Three hours in, and quite knackered, we had done the worst of today's route, but I was some way behind the others and the guide had realised that I wasn't going to make it to the camp before it got dark. So he put me on a mule for the rest of the journey.
|Our campsite on the trek|
But while I had an easy last section back, poor Nic didn't. Because he had walked with me, he had to cover the last bit extra fast to catch up and get back before it was dark. He managed it but he was knackered by the end.
So we arrived at the first camp, which was in a lovely setting, although disappointingly we had no interraction with the local community who we were staying with. In the photo of the campsite you can see the mountain we would be going up the next day.
The good thing about these treks though is that all you have to do (all!!) is walk with your daypack, the porters do everything else for you. They put up and take down your tents and cook the meals. And they do a really excellent job. They made us a three course meal using just a portable gas ring. And in the morning they brought us tea or coffee and hot water for washing.

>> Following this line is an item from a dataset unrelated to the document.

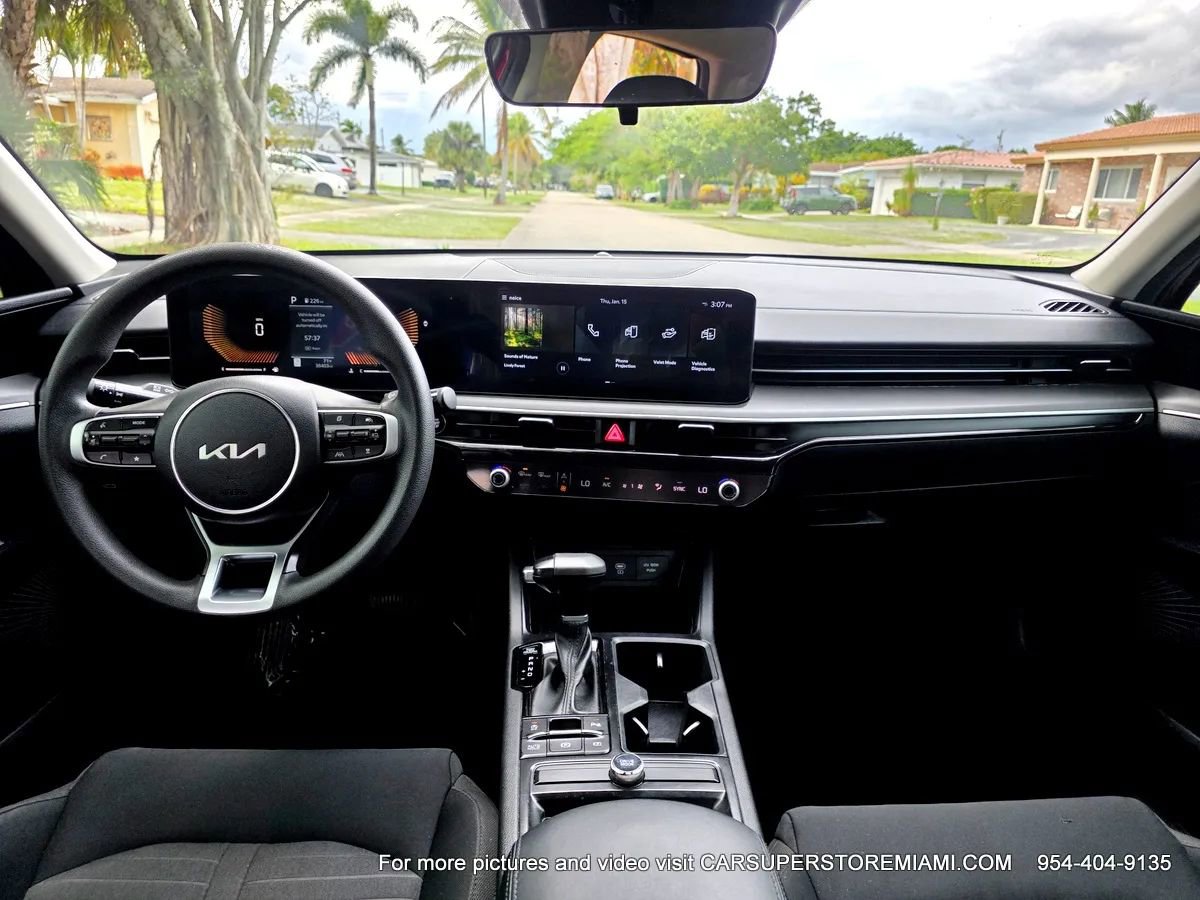 Used 2025 Kia K5 LXS image 26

|llamas and mules for the trek|
But however easy they make the practicalities, you still have to be able to manage the walk in the daylight. And knowing that the walk on day two was so much harder than day one I was seriously worried about the uphills. I didn't want to have to rely on using the mule, partly because it doesn't really feel like I have achieved it if I get on the mule, and partly because other people might need it.
I also knew that if I was going to get on the mule, then there was no way that Nic could walk with me this time, so I would be walking on my own which would be a bit dull too. But the final straw was that the guide told me that he was concerned about my being able to do the steep downhills on day two. He felt that they were too steep and slippery for my knees to cope with properly.
So I figured that if I was worried about the uphills, the guide was worried about the downhills, I didn't want to have to rely on the mule, and I wouldn't enjoy walking on my own, then really it wasn't sensible to carry on. So I arranged with the guide that I would go back the way I had come the next day, rather than carrying on forward. Nic decided he would come back too.
|more relaxed on the way down|
So after a good meal and a cold night in the tent - thankfully OK due to plenty of advanced wrapping up well - we set off back down the hill. We left slightly after the others, but just as we did, one other person from the group started making their way back down the track, having decided to join us. So the three of us took a rather easier four hour journey back to the main road where we picked up an local minibus to the nearest main town and then a cab back to Cusco. By the time the others would have been staggering into their campsite, we were back in Cusco enjoying a hot shower and an afternoon nap! And the others confirmed afterwards that it had been a really hard walk that day, so I have no doubt that I did the right thing in going back.